Ecco perché la scarica collettiva che si è verificata a Washington ha assunto, più in particolare, la forma di quella che Canetti descrive come «massa aizzata». Questa si forma «in vista di una meta velocemente raggiungibile. La meta le è nota, precisamente designata, e vicina». Lo scopo è «uccidere», fisicamente o virtualmente, la vittima designata. «Lo scopo è tutto. La vittima è lo scopo; ma essa è anche il punto di massima concentrazione: essa riunisce in sé le azioni di tutti».

Non si può non notare che il 6 gennaio fu lo stesso Trump a esporre la vittima designata alla furia dei suoi sostenitori, twittando: «Mike Pence non ha avuto il coraggio di fare ciò che avrebbe dovuto». Pochi minuti dopo, aggiunse un richiamo ai manifestanti a restare pacifici ma, come scrive Wright, «a quel punto la folla in delirio vagava per le sale di Capitol Hill, tra le statue dei fondatori e degli eroi della storia americana. L’omicidio era nella testa di molti che gridavano: “Impicchiamo Mike Pence!”».

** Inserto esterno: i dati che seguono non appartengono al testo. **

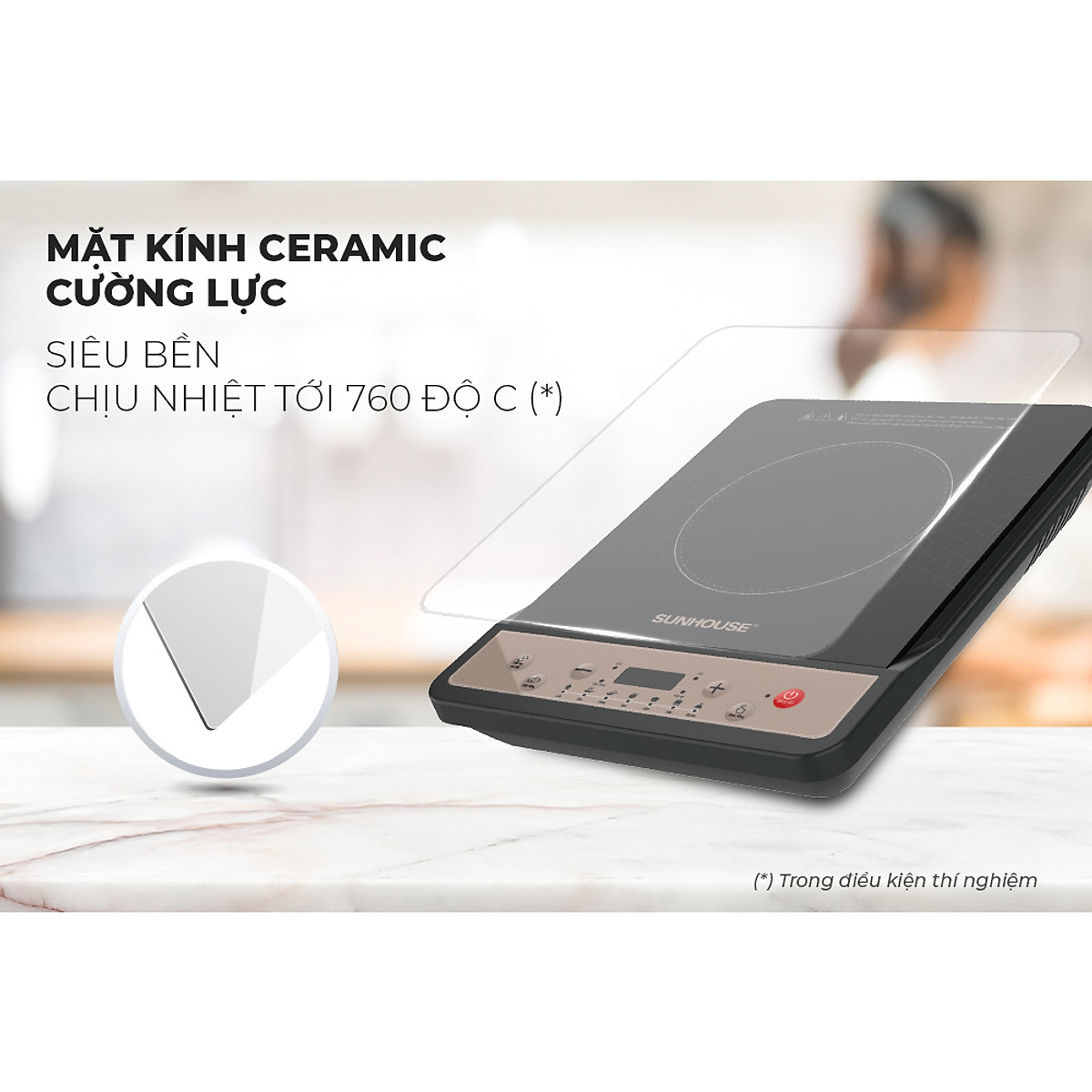 Bếp từ đơn Sunhouse SHD6160 - Hàng chính hãng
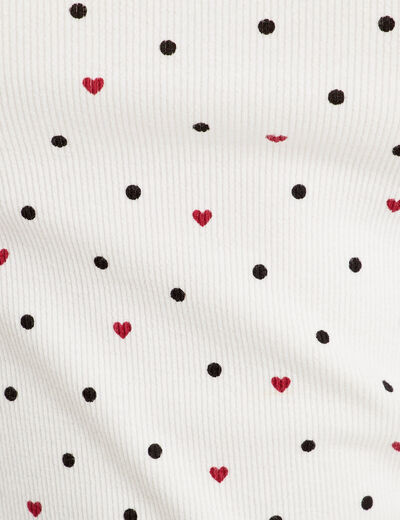 T-shirt ajusté manches courtes blanc femme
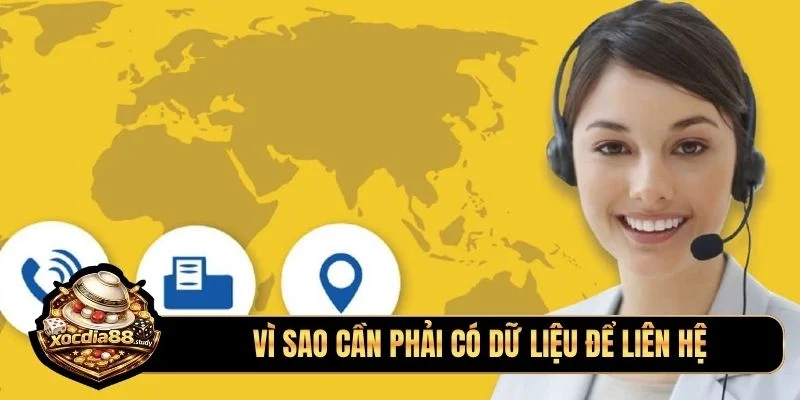 Vì sao cần phải có dữ liệu để liên hệ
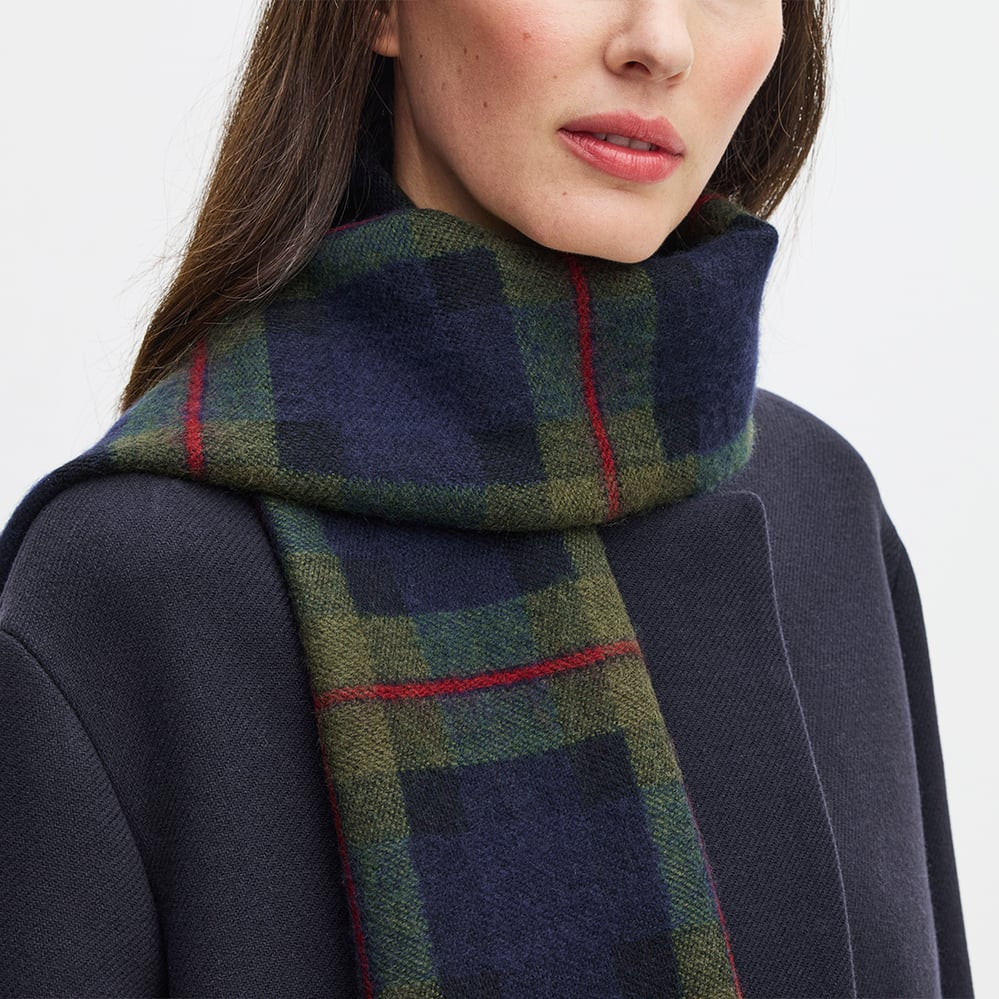 Premium Merino Wool Oversized Scarf Green Merino Wool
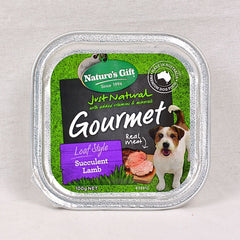 NATURESGIFT Gourmet Succulent Lamb Dog Food 100g Dog Food Wet Nature's Gift 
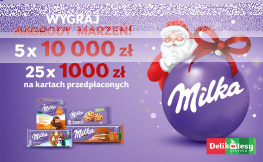 Konkurs "Marzenie z Milka" Delikatesy Centrum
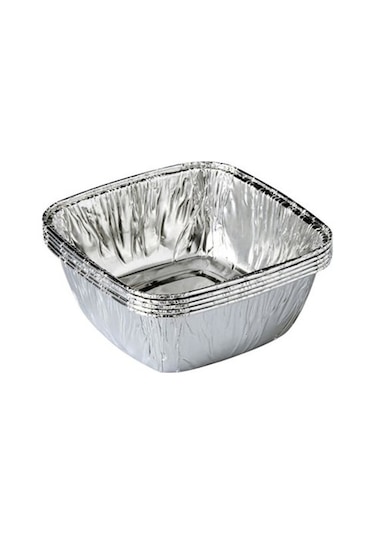 Alüminyum Sütlaç Kase 100  Adet Gümüş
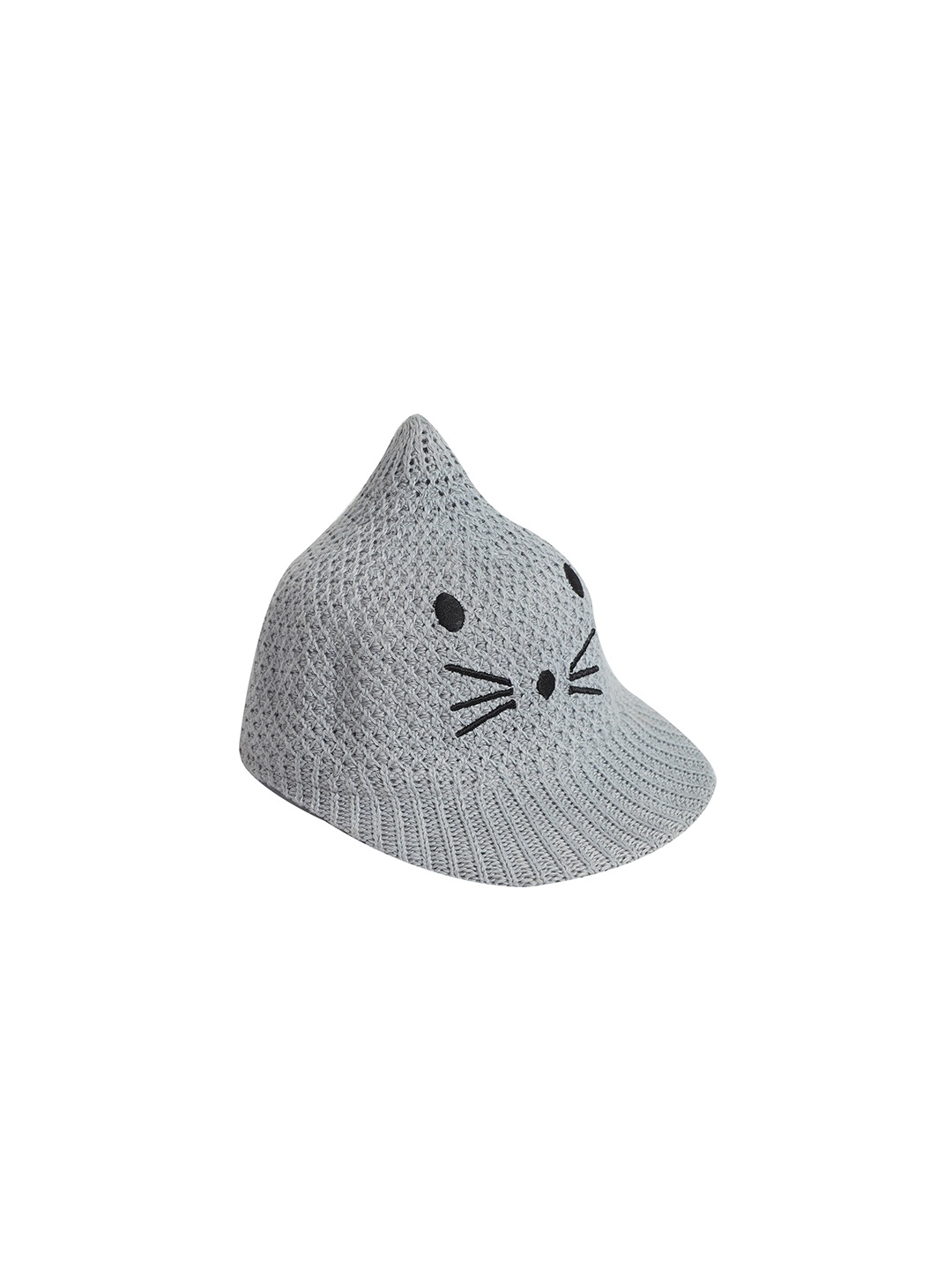 

FabSeasons Infants Kids Self Designed Cotton Baseball Cap, Grey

Secondo Canetti, una simile esaltazione febbrile, dopo aver raggiunto il suo scopo, lascia spesso il campo a un sentimento di paura o disgusto. E se è corretto leggere quella che ha assaltato il Campidoglio come una massa aizzata (che pure, fortunatamente, non è arrivata fino all’esecuzione del vicepresidente), si spiegherebbero le molte dichiarazioni di vergogna e disprezzo di sé ascoltate, secondo il Washington Post, dai giudici federali incaricati dei processi.

Dalle testimonianze emerge il profilo di tanti americani che hanno seguito Trump credendo nella sua promessa di tornare a «fare grande» il paese, come in un passato mitizzato in cui il lavoro c’era e la famiglia era una sola, in cui ai cittadini nativi bianchi (in particolare maschi) della classe media era dato ciò che è loro dovuto.

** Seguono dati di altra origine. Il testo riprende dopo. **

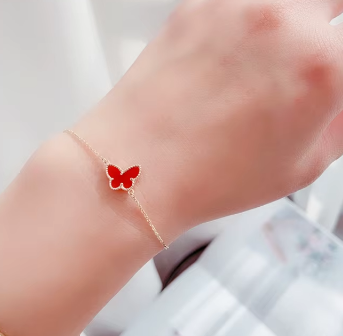 OL Style Fashion Charm Chains Bracelets High-Grade Fine Shell Butterfly Bangle Bracelet for Women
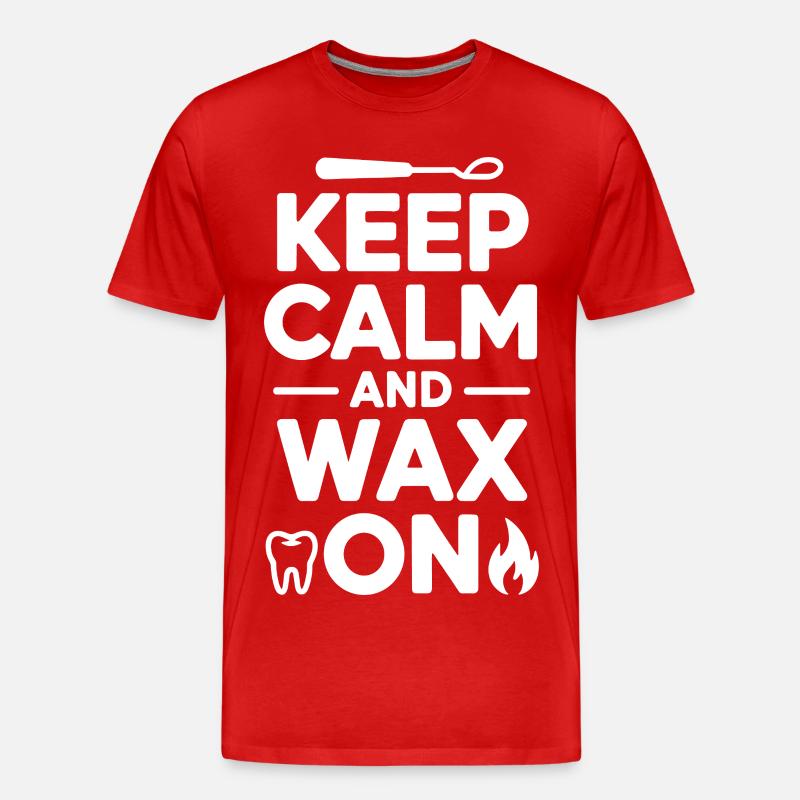Dental Lab Technician Framework  - Men's Premium Organic T-Shirt - red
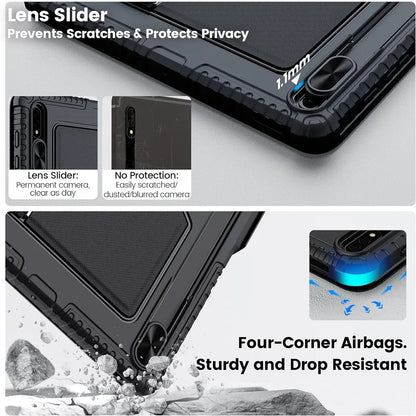 NILLKIN Magic Keyboard For Samsung Galaxy Tab S10 FE+ Case Backlight Keyboard For Samsung S10/S9 Plus Case With Len Protection.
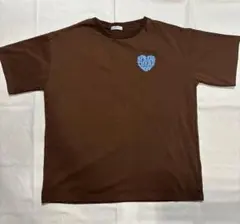 INGNI Tシャツ ブラウン 半袖 ハートロゴ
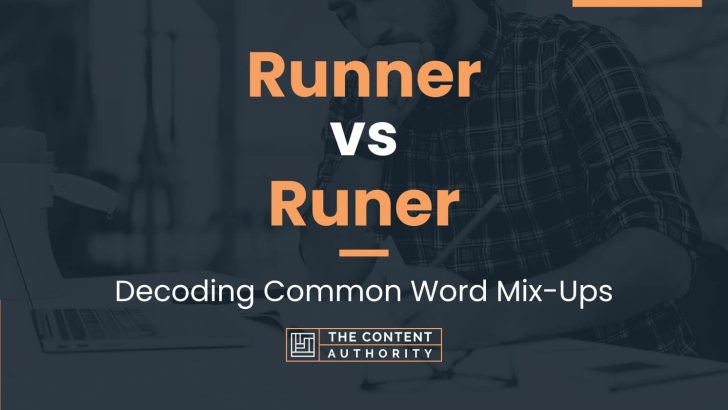Runner vs Runer: Decoding Common Word Mix-Ups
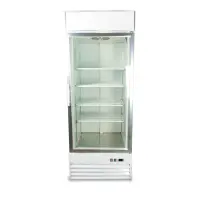 Universal D648BMF 31" One Door White Swing Glass Door Reach In Freezer with LED Lighting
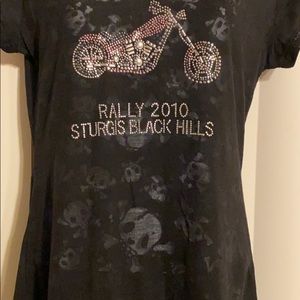 Sturgis Bike Rally 2010 Event Black T-Shirt - L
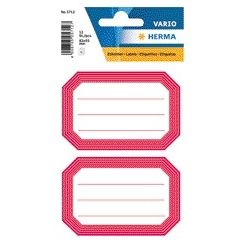 HERMA - Etichetta 5712 82x55mm scritta bordo rosso 12 pezzi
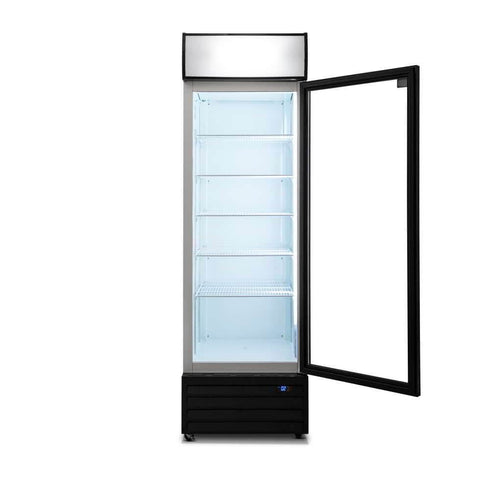 AG 420 Litre Single Door Upright Display Fridge - Glass Door - CU420TNG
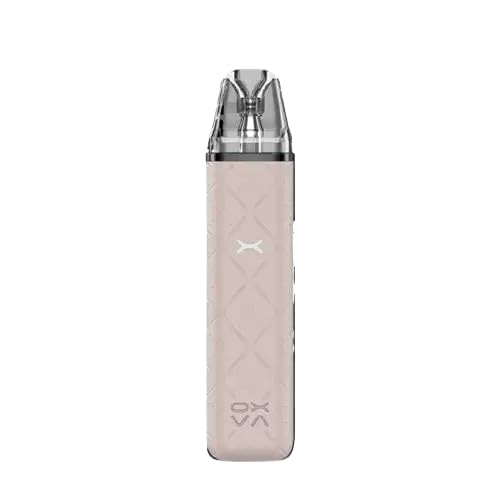 XLIM GO Vape Pod Kit For Oxva Latest FILL and GO Device V2 V3 30W Max Output 1000mAh Battery Anti-Leak Top Fill Cartridges Vape Kit 2ml No Nicotine-Light Brown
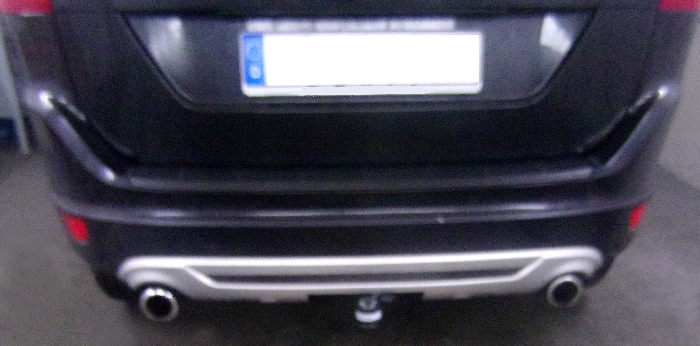 Anhängerkupplung für Volvo-XC 60 spez. R-Design, incl. Abdeckung schwarz, Baureihe 2014-2017 V-abnehmbar 45 Grad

Qualcuno, per questo, ha creduto alla «Big Lie» di Trump riguardo un complotto ai suoi danni, comprendendo solo in seguito di esserne stato vittima. Altri, semplicemente, non si riconoscono negli atti di devastazione immortalati dalle telecamere.

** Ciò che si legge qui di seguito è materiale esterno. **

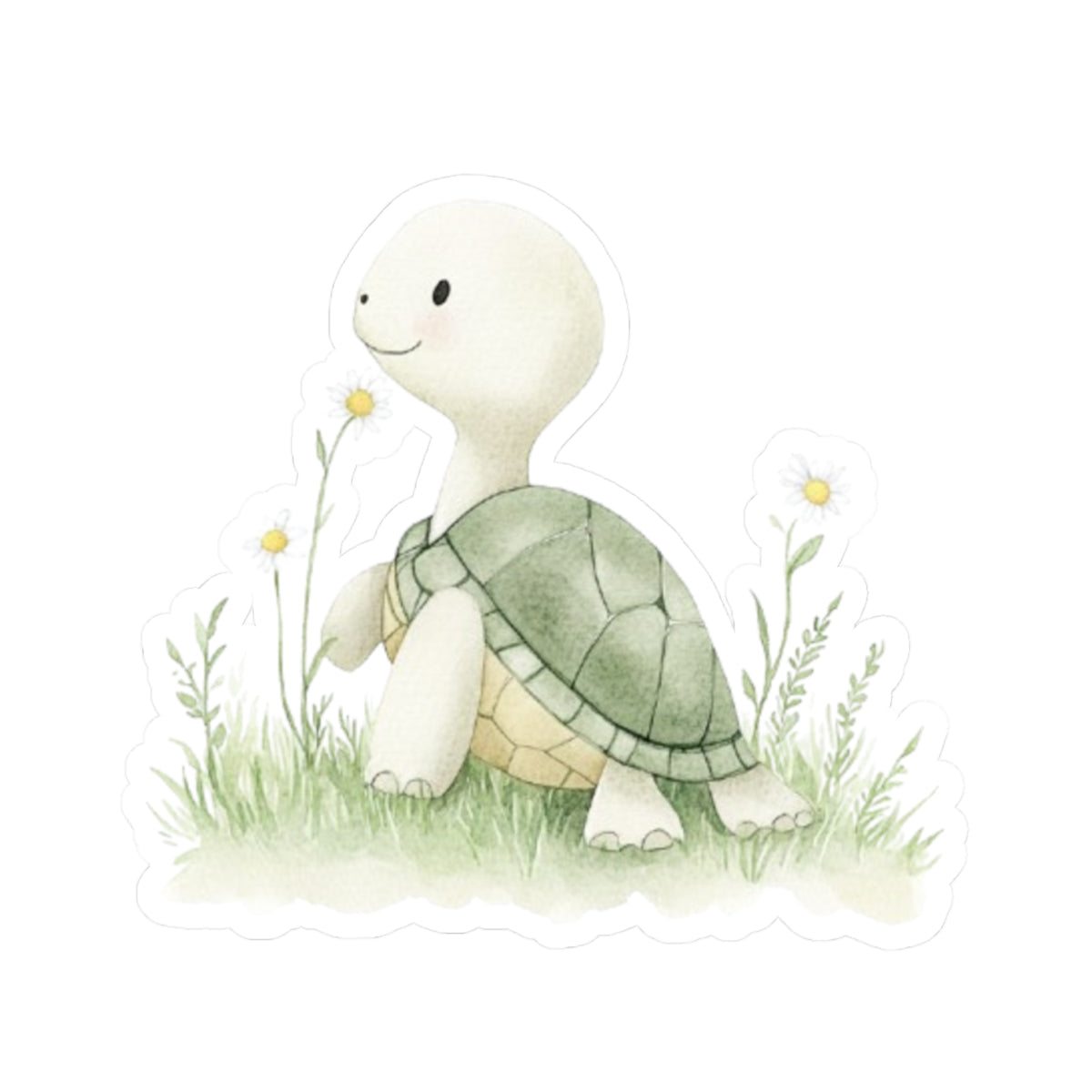 Whimsical Turtle Kiss-Cut Sticker, Turtle sticker, Reptile Sticker, Pet Sticker, Cute Animal Decals, Pet Decal, Vinyl Sticker, Pet Gift, Laptop Sticker, Luggage Sticker, Water Bottle Sticker, Tumbler sticker, Scrapbook Sticker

Ansia di rovesciamento e senso di potenza della massa sembrano le chiavi meglio in grado di spiegare il comportamento di tanti partecipanti agli eventi di un anno fa. Niente di tutto questo, però, sarebbe avvenuto senza la propaganda trumpiana, capace di trasformare una menzogna, la «vittoria rubata», in verità al servizio del potere.

Il piano eversivo dell’ex presidente è stato un’operazione magistrale di subordinazione dei fatti all’interesse della politica. E poiché una bugia, costantemente ripetuta, assume sembianze di realtà, ancora oggi oltre un terzo degli americani (e quasi l’80 per cento dei repubblicani) è persuaso della teoria dei brogli di Biden.

Il potere di Trump non smette di minacciare la democrazia degli Stati Uniti. E se tanti presenti a Capitol Hill un anno fa ora vorrebbero non essere stati lì, altri, possiamo scommetterci, sarebbero pronti a una nuova impresa.